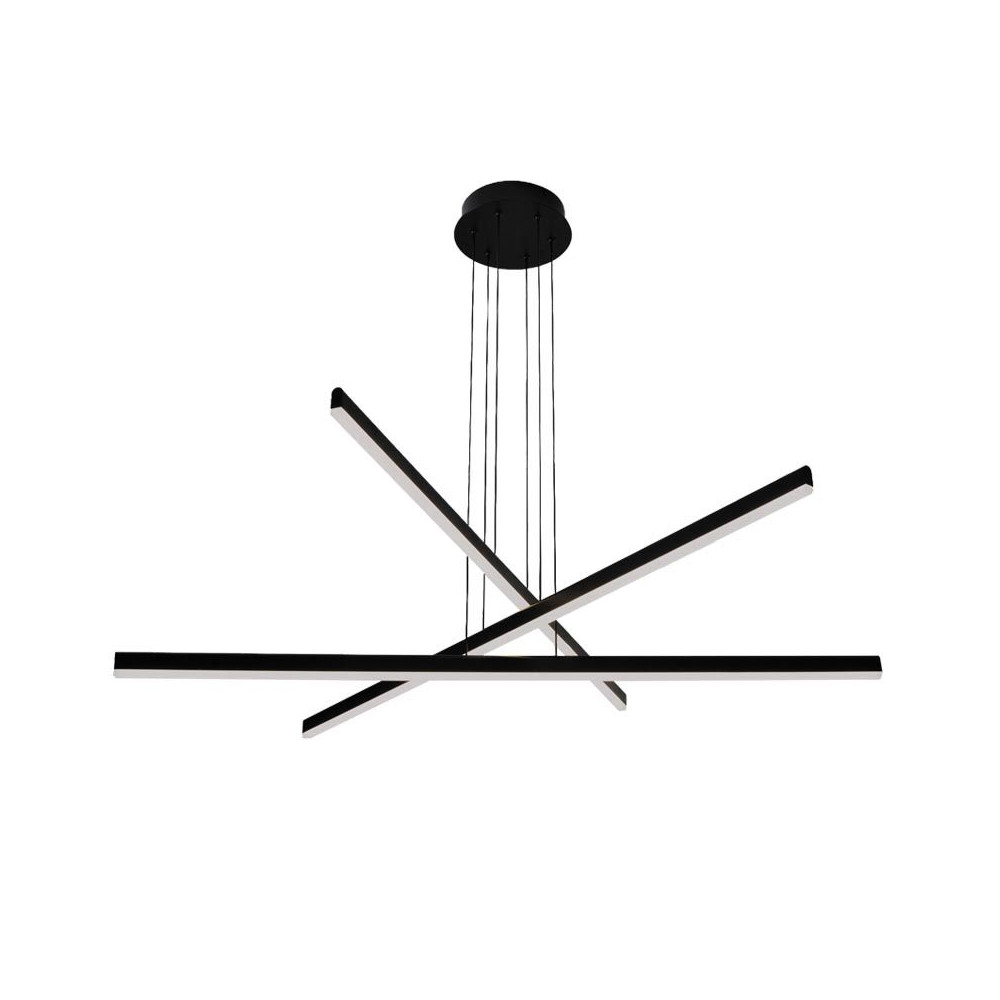 Pendelleuchte ZAMBELIS D1020 48W DESIGN Mattschwarz 1947
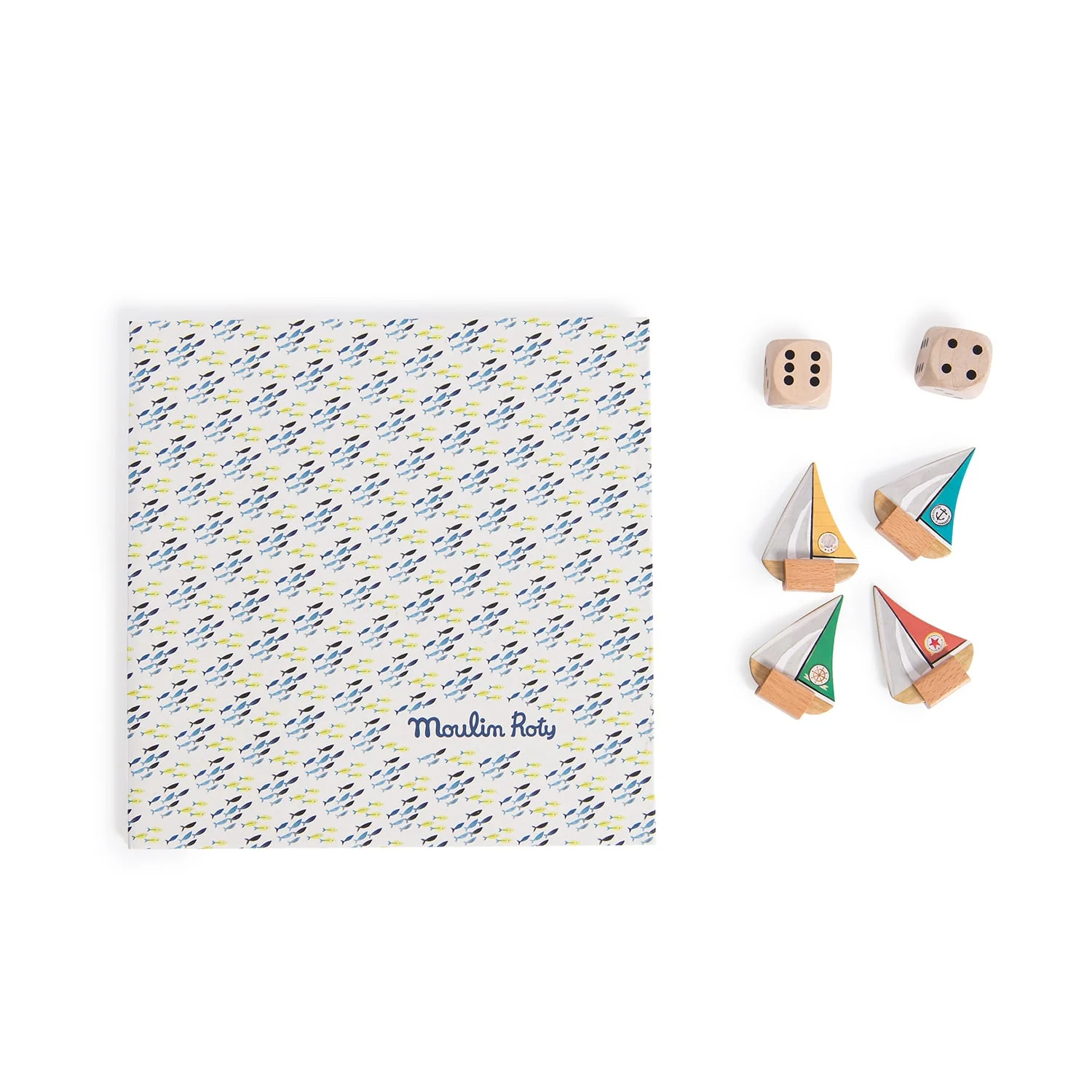 MOULIN ROTY GIOCO DELL'OCA BATTELLI E DADI LEGNO 712416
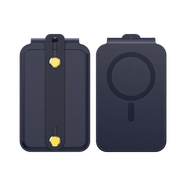 Smorss【彈力指扣支架款】適用蘋果MagSafe磁吸手機(jī)背貼卡套公交地鐵門禁購物卡袋手機(jī)卡包藍(lán)色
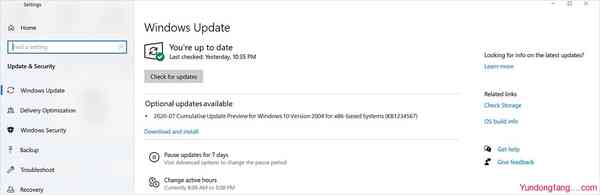 Windows-10-optional-updates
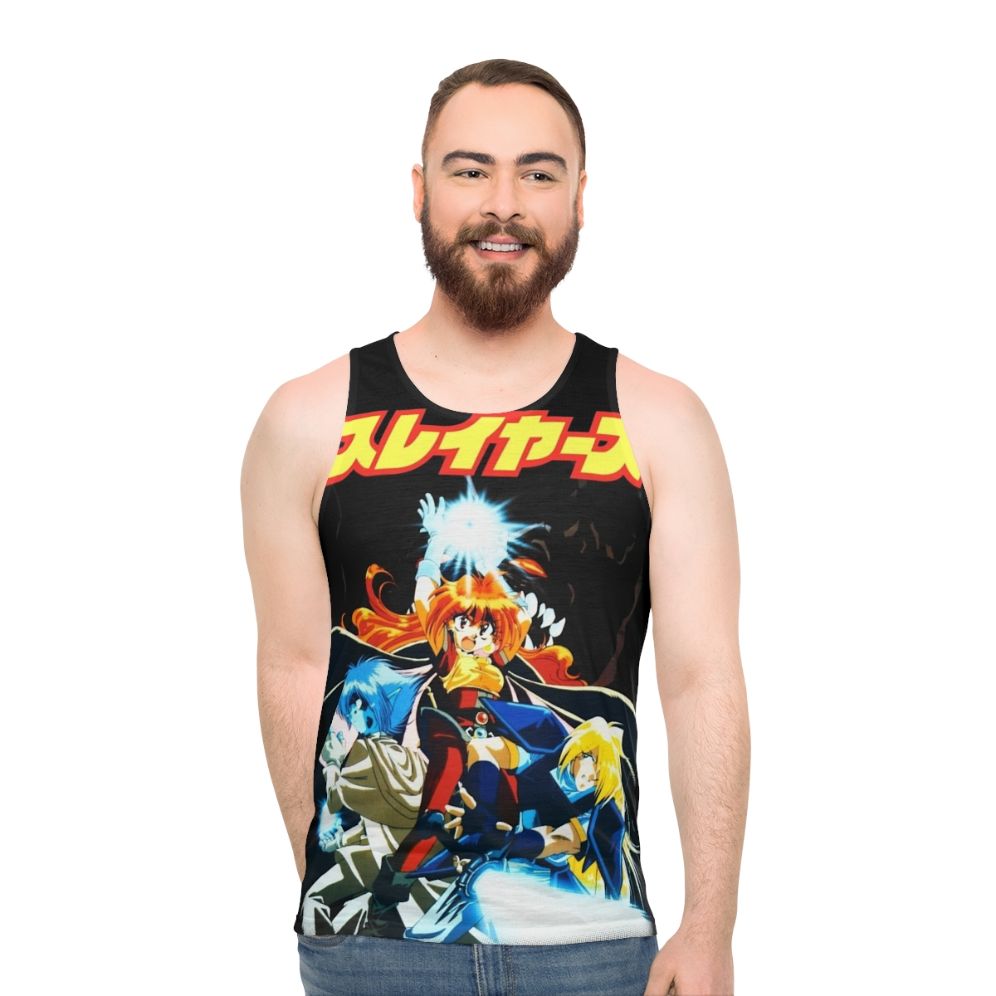 Slayers anime tank top featuring Lina Inverse - men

· · · · · · ·

- [Required action]:
With every picture left out, print exactly the lines from the one containing "Windows-10-optional-updates" through the final line of the material above.

- [Reply]:
 Windows-10-optional-updates
 Slayers anime tank top featuring Lina Inverse - men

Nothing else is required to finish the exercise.